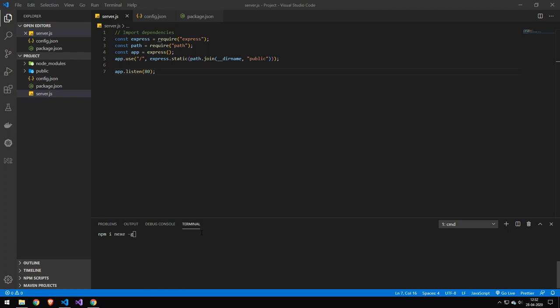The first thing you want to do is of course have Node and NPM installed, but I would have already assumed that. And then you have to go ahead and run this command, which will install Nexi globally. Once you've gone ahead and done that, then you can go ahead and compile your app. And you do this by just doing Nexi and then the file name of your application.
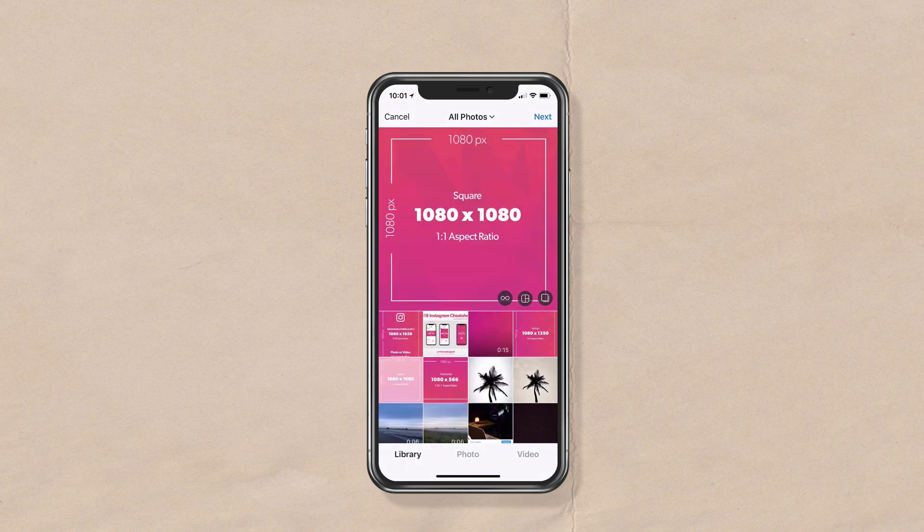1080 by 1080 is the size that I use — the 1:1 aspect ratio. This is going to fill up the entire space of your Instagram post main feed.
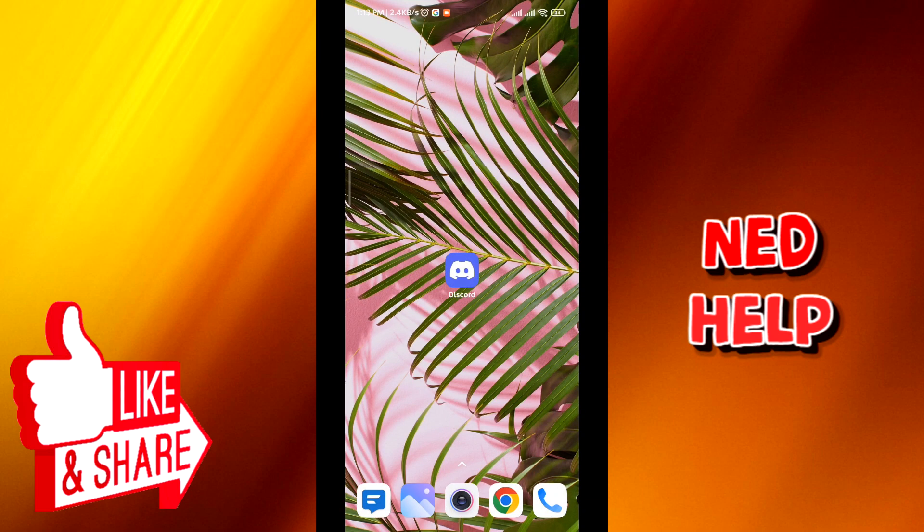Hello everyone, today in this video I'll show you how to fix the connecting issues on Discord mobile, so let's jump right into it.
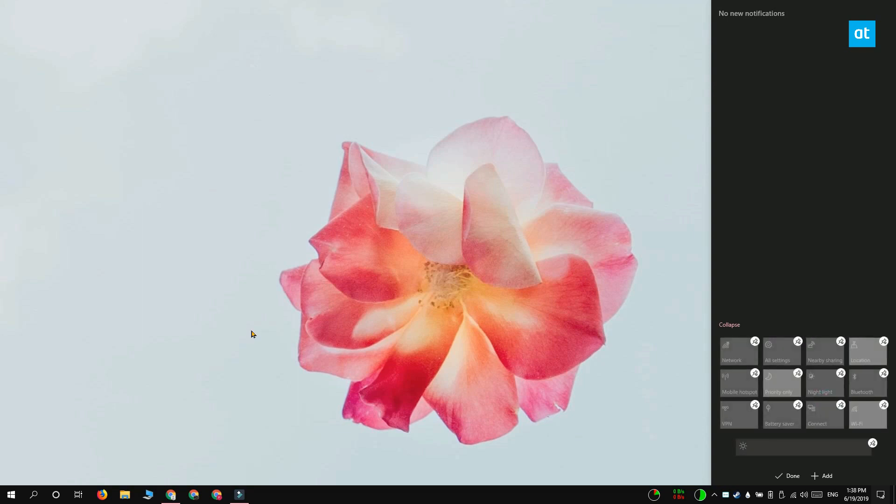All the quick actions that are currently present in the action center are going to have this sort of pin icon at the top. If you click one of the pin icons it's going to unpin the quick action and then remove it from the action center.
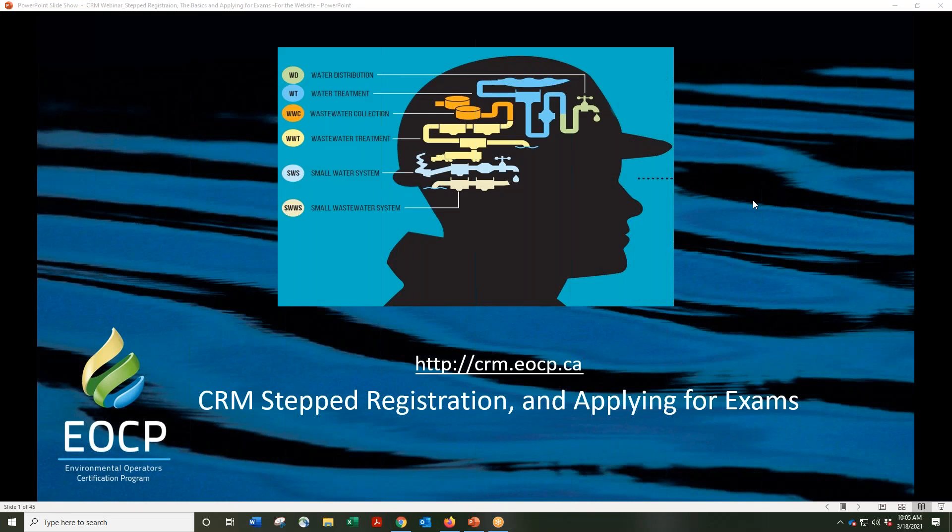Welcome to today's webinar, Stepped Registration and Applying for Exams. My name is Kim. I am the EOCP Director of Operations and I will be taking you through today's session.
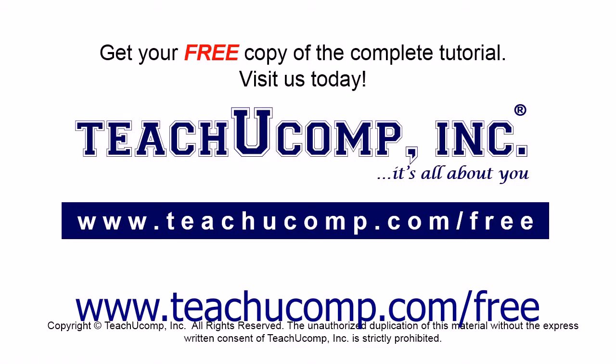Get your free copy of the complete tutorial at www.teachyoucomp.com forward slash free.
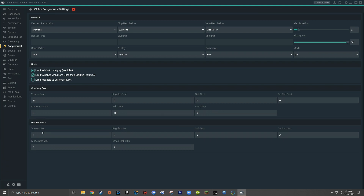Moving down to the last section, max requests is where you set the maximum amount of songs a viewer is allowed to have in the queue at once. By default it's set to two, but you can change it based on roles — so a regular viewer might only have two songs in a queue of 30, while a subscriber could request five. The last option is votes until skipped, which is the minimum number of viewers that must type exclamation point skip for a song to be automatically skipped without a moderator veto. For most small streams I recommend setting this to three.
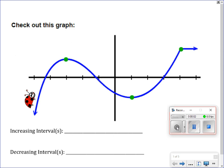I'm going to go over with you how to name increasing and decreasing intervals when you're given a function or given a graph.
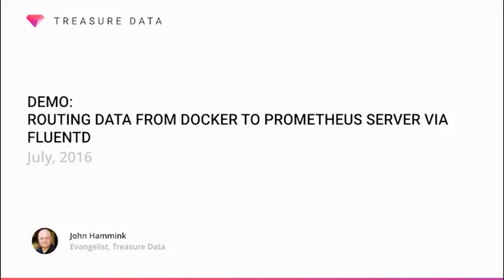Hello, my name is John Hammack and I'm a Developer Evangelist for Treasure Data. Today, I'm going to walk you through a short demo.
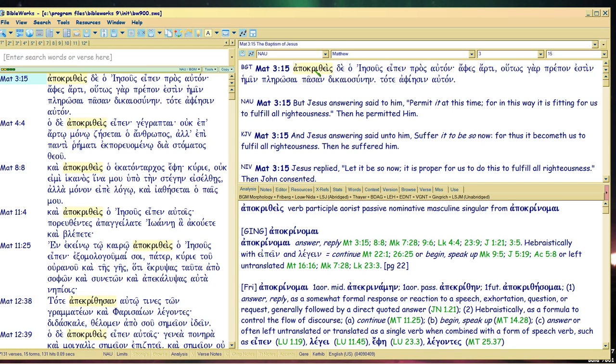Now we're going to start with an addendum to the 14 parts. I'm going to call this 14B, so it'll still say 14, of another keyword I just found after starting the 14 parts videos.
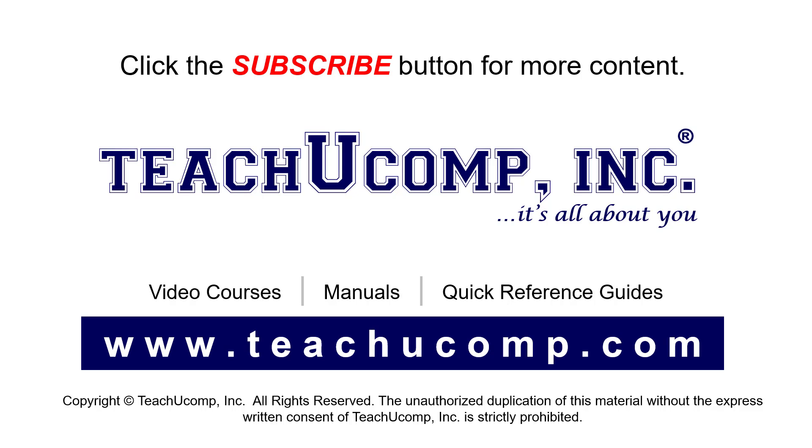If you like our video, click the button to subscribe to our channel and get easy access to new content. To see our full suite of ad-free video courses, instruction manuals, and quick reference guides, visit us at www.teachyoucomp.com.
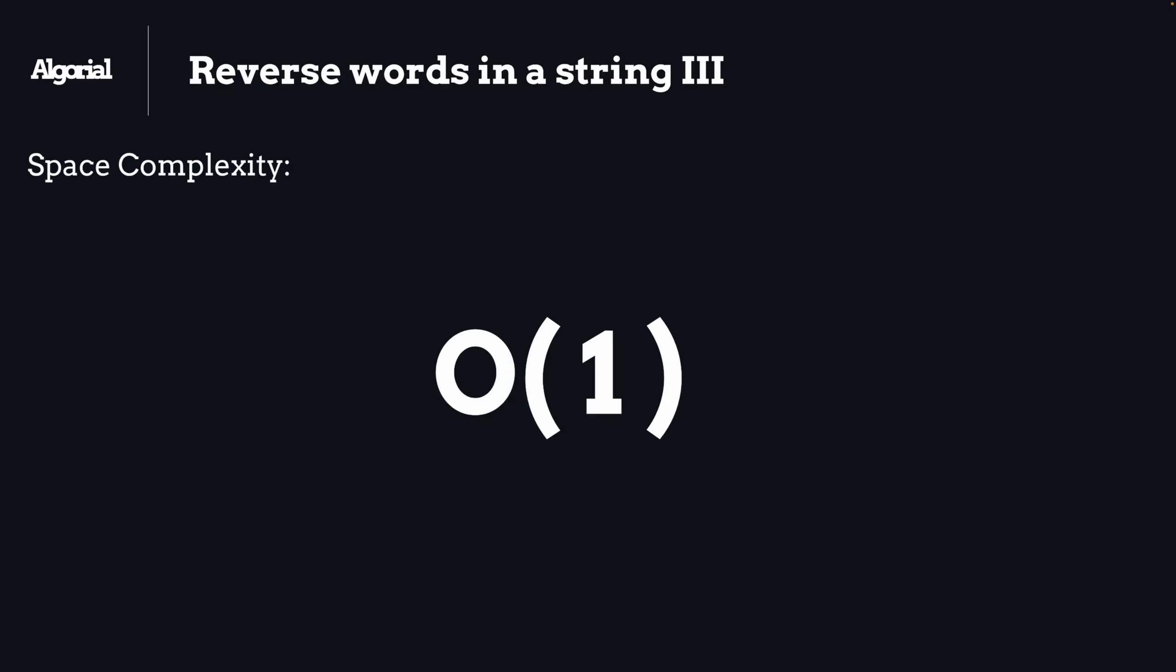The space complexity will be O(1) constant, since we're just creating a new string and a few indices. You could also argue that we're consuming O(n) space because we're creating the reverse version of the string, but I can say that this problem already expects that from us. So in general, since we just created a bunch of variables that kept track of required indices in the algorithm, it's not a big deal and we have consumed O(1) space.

Aim of the task
Reproduce exactly the entries from their first line through the line containing "1080 by 1080", including both, and omit any pictures.

Finished task
The first thing you want to do is of course have Node and NPM installed, but I would have already assumed that. And then you have to go ahead and run this command, which will install Nexi globally. Once you've gone ahead and done that, then you can go ahead and compile your app. And you do this by just doing Nexi and then the file name of your application.
1080 by 1080 is the size that I use — the 1:1 aspect ratio. This is going to fill up the entire space of your Instagram post main feed.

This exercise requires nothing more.